Ainsi a réagi Otaola à l'autorisation de Trump de permettre l'entrée de pétrole russe à Cuba



Alexander Otaola (i) et Donald Trump (d)Foto © Collage YouTube/Cubanos por el Mundo - Flickr/Gage Skidmore

L'influenceur et activiste cubano-américain Alex Otaola a réagi avec force dans son émission "Hola! Ota-Ola" à la décision du président Donald Trump de permettre la venue du pétrolier russe Anatoly Kolodkin à Cuba, bien que le lendemain, il ait précisé que son soutien au président reste "intact, inconditionnel".

Trump a confirmé la décision le 29 mars à bord de l'Air Force One, où il a également réitéré sa phrase déjà connue sur Cuba : "Cuba va être le suivant. Cuba est un désastre. C'est un pays qui échoue et ils vont être les suivants. Dans un court laps de temps, cela va échouer et nous serons là pour aider."

Mais lors de la même conférence de presse, il a écarté tout problème concernant l'envoi de pétrole : "Si un pays veut envoyer du pétrole à Cuba en ce moment, je n'ai pas de problème avec ça, que ce soit la Russie ou non."

Otaola n'a pas tardé à répondre depuis son émission.

« Trump dit qu'il est acceptable que le navire russe avec du pétrole entre, car à Cuba, ils doivent survivre. Mais nous allons les aider à survivre. Nous allons faire en sorte qu'aucun Cubain ne meure de plus. Agis maintenant. Libère-les du communisme. Libère-les du PCC », a affirmé l'activiste.

Le présentateur a directement remis en question l'argument humanitaire avancé par la Maison Blanche.

« Est-ce que quelqu'un sait si quelqu'un a vu sa vie s'améliorer grâce aux isotanques de pétrole qui sont envoyés ? Est-ce que quelqu'un sait à qui la vie a été améliorée avec le petit bateau de pétrole qui arrive du Mexique, ou qui arrive de Russie maintenant, ou qui arrivait du Venezuela ? » a-t-il demandé.

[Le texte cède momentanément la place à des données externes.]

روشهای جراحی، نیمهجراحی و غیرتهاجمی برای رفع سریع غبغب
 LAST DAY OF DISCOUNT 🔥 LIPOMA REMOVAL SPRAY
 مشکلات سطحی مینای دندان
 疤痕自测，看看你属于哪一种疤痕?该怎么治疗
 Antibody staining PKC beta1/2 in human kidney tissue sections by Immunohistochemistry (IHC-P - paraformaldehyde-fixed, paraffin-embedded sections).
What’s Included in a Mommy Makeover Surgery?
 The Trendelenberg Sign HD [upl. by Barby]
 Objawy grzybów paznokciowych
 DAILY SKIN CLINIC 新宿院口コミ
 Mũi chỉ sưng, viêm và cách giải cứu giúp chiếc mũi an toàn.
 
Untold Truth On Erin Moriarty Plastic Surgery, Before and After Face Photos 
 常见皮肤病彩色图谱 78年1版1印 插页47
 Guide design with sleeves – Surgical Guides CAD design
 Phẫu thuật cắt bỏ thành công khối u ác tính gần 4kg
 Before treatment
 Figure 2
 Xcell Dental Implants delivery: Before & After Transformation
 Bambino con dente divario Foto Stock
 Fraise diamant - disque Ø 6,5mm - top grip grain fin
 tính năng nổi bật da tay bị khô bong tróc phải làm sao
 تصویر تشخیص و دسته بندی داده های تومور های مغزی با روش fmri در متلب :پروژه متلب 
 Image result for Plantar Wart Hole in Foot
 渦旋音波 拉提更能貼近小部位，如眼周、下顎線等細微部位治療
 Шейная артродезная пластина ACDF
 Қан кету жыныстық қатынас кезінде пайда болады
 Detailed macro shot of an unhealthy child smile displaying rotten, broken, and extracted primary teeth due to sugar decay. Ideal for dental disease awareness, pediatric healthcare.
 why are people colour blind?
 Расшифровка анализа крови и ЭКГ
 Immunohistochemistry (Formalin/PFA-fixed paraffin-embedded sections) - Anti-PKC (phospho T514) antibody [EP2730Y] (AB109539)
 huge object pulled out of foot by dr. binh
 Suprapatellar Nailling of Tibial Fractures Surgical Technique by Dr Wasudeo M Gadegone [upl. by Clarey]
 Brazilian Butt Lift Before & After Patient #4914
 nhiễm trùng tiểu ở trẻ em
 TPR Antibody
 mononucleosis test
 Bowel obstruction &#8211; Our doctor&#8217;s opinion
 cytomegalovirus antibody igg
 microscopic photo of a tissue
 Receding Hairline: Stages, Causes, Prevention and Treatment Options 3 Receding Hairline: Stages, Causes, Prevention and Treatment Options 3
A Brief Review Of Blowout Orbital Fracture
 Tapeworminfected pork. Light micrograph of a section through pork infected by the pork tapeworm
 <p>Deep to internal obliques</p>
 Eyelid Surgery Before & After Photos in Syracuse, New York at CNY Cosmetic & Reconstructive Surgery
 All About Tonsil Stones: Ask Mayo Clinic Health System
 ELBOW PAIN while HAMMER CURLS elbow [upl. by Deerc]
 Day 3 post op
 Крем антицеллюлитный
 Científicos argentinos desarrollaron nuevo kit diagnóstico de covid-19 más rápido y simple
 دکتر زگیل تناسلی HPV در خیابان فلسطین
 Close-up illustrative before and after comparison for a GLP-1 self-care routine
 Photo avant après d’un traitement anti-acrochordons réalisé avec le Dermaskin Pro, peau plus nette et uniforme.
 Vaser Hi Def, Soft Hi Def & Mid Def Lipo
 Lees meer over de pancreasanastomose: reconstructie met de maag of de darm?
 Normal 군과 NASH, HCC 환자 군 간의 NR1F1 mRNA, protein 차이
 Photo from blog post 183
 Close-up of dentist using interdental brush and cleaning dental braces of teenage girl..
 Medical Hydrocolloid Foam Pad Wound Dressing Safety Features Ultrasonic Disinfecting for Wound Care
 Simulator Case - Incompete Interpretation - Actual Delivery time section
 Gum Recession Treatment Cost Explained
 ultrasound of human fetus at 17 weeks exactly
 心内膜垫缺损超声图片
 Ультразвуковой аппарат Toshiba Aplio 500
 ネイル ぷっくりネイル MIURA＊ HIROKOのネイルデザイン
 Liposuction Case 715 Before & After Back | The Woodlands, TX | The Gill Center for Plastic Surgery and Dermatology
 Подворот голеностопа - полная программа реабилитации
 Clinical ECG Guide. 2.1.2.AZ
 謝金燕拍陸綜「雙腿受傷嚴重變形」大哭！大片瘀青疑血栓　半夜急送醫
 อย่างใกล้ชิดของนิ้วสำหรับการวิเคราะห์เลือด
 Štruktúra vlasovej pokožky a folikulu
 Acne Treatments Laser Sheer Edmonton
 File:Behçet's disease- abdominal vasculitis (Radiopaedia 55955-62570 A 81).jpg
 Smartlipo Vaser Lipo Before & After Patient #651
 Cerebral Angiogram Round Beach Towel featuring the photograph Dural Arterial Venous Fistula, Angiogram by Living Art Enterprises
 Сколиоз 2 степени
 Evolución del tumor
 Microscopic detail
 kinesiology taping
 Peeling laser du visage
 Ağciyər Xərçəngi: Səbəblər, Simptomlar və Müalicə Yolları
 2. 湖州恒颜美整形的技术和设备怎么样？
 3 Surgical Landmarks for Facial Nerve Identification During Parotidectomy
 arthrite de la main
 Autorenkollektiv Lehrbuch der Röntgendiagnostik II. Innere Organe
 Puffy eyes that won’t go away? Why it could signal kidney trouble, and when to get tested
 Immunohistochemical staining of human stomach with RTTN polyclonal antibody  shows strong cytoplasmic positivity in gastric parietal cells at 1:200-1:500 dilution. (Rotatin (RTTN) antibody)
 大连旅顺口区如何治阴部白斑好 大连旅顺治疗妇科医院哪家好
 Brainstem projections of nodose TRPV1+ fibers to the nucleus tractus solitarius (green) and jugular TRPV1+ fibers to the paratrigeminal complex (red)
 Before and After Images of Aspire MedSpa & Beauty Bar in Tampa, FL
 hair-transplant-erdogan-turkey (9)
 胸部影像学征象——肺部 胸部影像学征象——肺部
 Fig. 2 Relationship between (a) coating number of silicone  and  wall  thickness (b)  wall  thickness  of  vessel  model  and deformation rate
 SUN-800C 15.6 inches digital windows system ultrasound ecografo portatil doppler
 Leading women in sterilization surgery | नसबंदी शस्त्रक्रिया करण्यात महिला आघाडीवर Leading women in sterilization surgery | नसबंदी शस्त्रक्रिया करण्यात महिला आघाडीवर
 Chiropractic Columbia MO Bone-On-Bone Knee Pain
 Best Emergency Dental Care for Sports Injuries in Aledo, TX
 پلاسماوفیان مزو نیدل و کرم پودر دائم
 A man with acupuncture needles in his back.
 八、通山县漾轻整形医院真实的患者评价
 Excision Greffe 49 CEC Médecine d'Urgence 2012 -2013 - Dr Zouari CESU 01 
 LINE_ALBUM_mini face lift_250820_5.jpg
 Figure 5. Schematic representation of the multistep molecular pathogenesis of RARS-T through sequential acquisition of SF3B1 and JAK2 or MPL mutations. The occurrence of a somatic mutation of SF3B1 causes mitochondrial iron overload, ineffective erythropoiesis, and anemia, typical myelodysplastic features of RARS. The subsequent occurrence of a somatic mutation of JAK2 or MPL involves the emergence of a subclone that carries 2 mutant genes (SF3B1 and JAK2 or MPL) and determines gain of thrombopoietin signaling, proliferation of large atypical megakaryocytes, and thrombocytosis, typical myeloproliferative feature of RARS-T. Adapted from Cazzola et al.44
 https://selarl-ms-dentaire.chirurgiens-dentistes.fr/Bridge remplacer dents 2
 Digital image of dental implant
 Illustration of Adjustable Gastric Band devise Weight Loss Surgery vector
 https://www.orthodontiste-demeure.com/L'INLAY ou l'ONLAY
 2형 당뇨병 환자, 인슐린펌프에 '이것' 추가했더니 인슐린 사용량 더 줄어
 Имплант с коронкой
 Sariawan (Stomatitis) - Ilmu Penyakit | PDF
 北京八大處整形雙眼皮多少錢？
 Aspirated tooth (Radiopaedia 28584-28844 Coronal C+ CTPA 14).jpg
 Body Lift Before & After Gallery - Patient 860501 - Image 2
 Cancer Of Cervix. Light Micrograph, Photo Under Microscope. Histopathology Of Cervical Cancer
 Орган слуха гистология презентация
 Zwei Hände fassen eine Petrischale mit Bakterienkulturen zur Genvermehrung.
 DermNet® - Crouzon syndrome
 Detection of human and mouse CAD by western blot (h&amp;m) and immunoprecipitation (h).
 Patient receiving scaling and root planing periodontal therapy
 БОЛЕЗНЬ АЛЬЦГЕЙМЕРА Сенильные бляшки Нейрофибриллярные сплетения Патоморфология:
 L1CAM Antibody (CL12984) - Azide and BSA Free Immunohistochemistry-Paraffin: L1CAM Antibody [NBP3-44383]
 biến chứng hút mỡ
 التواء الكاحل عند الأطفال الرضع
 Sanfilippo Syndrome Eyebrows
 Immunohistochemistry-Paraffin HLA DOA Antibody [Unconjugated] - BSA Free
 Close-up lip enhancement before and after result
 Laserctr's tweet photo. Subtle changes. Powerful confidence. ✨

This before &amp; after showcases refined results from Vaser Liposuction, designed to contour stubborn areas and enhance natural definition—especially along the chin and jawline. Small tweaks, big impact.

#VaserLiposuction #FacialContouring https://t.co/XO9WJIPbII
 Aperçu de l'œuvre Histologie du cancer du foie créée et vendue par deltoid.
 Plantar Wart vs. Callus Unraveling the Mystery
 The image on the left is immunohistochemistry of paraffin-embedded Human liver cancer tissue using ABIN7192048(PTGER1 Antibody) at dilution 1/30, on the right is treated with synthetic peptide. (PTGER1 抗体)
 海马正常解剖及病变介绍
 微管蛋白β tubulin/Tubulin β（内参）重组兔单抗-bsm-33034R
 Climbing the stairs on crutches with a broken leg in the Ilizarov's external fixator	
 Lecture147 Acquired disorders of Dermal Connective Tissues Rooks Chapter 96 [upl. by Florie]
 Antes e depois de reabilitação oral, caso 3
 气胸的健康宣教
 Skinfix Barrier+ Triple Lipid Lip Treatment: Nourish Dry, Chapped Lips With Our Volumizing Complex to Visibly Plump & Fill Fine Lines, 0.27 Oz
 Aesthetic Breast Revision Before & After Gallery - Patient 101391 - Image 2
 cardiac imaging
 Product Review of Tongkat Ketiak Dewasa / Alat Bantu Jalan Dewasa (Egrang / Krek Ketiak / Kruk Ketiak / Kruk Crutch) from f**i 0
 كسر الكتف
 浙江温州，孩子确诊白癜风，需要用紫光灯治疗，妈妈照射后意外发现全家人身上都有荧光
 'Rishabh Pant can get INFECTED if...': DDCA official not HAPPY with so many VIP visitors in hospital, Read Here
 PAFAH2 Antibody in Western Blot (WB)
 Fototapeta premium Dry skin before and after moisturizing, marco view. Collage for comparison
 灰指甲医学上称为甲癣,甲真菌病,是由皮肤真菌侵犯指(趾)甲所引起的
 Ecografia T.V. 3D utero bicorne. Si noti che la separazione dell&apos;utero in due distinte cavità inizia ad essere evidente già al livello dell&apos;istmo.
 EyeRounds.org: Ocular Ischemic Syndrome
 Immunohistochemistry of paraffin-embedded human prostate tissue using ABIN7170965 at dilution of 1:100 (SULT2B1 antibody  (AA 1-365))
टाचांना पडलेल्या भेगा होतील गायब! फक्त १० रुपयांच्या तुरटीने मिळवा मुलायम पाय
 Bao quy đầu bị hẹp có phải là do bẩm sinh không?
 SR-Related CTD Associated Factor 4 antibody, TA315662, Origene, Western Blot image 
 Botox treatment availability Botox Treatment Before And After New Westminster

Otaola est allé plus loin en désignant ceux qui, selon lui, influencent Trump pour prendre cette décision.

"Quiconque parle avec le président en disant, laissez entrer le bateau de pétrole pour qu'il y ait du chauffage et de l'air conditionné... c'est un agent de la sécurité de l'État. Mettez-lui le cachet", a-t-il déclaré.

También a lié l'autorisation de l'envoi à la situation des prisonniers politiques : "Quelle nécessité y a-t-il de laisser entrer un seul bateau de pétrole quand ils n'ont pas libéré les 100 et quelques prisonniers politiques ?".

Le ton d'Otaola était de franche déception face à ce qu'il a décrit comme un tournant inattendu.

« Quelle honte de voir que le président qui hier ne voulait pas laisser entrer une goutte de pétrole, aujourd'hui dit qu'un petit bateau russe n'est rien et que si d'autres pays veulent envoyer un autre petit bateau, ce n'est rien. Quelle honte », a-t-il exprimé.

Otaola a profité de l'occasion pour clarifier, une fois de plus, quelle est son exigence.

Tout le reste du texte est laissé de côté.